Amhara Media Corporation
- Type: Radio network Television network Print media
- Country: Ethiopia
- Broadcast area: National and worldwide
- Network: Television, radio broadcast and print media
- Headquarters: Bahir Dar, Amhara Region, Ethiopia

Programming
- Languages: Amharic, Oromo, Tigrinya,Somali and English
- Picture format: 1080i 16:9, 4:3 (HDTV) Downscaled to 576i for the SDTV feed

Ownership
- Owner: Amhara regional government
- Sister channels: Amhara Hiber

History
- Launched: 1993 (33 years ago)
- Former names: Amhara Mass Media Agency

Links
- Website: www.amharaweb.com

= Amhara Media Corporation =

Media organization of Amhara Region, Ethiopia

Amhara Media Corporation (የአማራ ሚዲያ ኮርፖሬሽን) Acronym: AMECO or formerly known as Amhara Mass Media Agency is a television, digital media, radio and newspaper news organisation owned by the Amhara Region government in Ethiopia. AMECO was established in 1993. During 2017–2020, AMECO had about 900–1000 employees.

==Creation==
Amhara Mass Media Agency was created in 1993 with the aim of promoting development, peace and democratisation.

In 2020 the media organization was renamed Amhara Media Corporation (የአማራ ሚዲያ ኮርፖሬሽን).

==Components==
Amhara TV is owned by AMMA.

==Political stance==
In 2020, AMC was seen as tending to favour the interests of the Amhara Region government and to be independent from federal state media. The Addis Ababa branch of AMMA, created in 2016, was seen as promoting the interests of the Amhara Region and of people of Amharan ethnicity, supporting Eskinder Nega.

Similar to other major regional media in Ethiopia, as of 2020, AMMA has used victimisation, presenting cases of Amharans as victims, and externalisation, in which incidents in the Amhara Region are blamed on actors from other regions, omitting other perspectives.

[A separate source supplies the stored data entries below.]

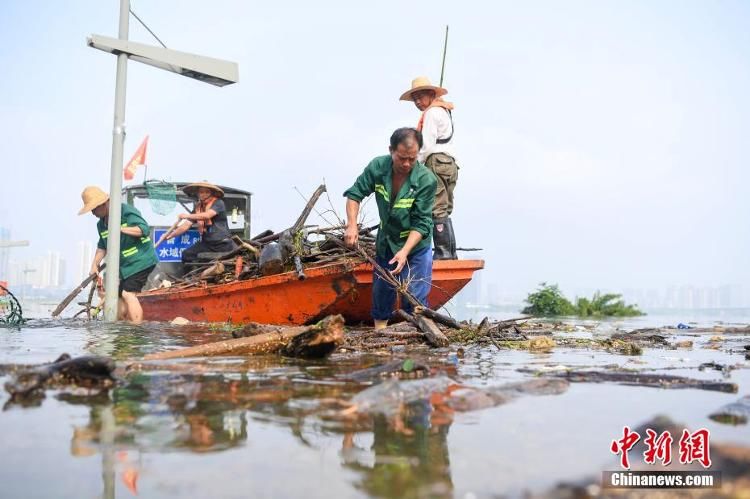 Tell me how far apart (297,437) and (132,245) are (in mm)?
7530

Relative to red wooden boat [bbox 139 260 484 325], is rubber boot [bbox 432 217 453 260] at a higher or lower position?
higher

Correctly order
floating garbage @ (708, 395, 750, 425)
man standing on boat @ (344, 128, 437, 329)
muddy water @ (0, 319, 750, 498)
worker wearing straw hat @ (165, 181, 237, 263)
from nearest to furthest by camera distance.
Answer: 1. muddy water @ (0, 319, 750, 498)
2. floating garbage @ (708, 395, 750, 425)
3. man standing on boat @ (344, 128, 437, 329)
4. worker wearing straw hat @ (165, 181, 237, 263)

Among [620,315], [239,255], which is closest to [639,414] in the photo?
[239,255]

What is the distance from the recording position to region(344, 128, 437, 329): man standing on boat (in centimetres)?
565

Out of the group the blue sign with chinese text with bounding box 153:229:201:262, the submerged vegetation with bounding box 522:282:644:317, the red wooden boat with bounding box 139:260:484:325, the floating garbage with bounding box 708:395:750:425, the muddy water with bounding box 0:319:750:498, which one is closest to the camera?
the muddy water with bounding box 0:319:750:498

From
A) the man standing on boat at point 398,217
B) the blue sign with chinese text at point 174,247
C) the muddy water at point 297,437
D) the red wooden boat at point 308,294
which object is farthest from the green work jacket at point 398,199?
the blue sign with chinese text at point 174,247

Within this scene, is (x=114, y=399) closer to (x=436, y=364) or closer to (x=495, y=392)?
(x=495, y=392)

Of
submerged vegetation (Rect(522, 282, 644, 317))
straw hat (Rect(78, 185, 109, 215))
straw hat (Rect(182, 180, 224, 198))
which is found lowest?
submerged vegetation (Rect(522, 282, 644, 317))

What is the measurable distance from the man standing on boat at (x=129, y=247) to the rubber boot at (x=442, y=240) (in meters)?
4.21

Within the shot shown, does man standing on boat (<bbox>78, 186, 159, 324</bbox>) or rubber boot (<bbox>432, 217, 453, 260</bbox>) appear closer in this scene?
rubber boot (<bbox>432, 217, 453, 260</bbox>)

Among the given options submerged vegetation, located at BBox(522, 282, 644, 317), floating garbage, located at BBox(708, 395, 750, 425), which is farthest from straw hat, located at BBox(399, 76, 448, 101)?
submerged vegetation, located at BBox(522, 282, 644, 317)

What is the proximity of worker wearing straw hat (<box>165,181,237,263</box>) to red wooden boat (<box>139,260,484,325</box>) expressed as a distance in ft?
4.72

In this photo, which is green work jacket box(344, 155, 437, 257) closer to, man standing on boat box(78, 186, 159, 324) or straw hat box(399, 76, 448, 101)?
straw hat box(399, 76, 448, 101)

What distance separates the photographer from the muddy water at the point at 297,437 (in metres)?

In 2019, AMC was supportive of the newly created Prosperity Party.

==Programs==
In 2010, AMC created a program, "Yeketemoch Mederek" (Cities' Forum), involved public discussion forums between local officials and the public and broadcasts of material from the forums. The forums were generally seen positively by the public and as having an influence on improving local governance.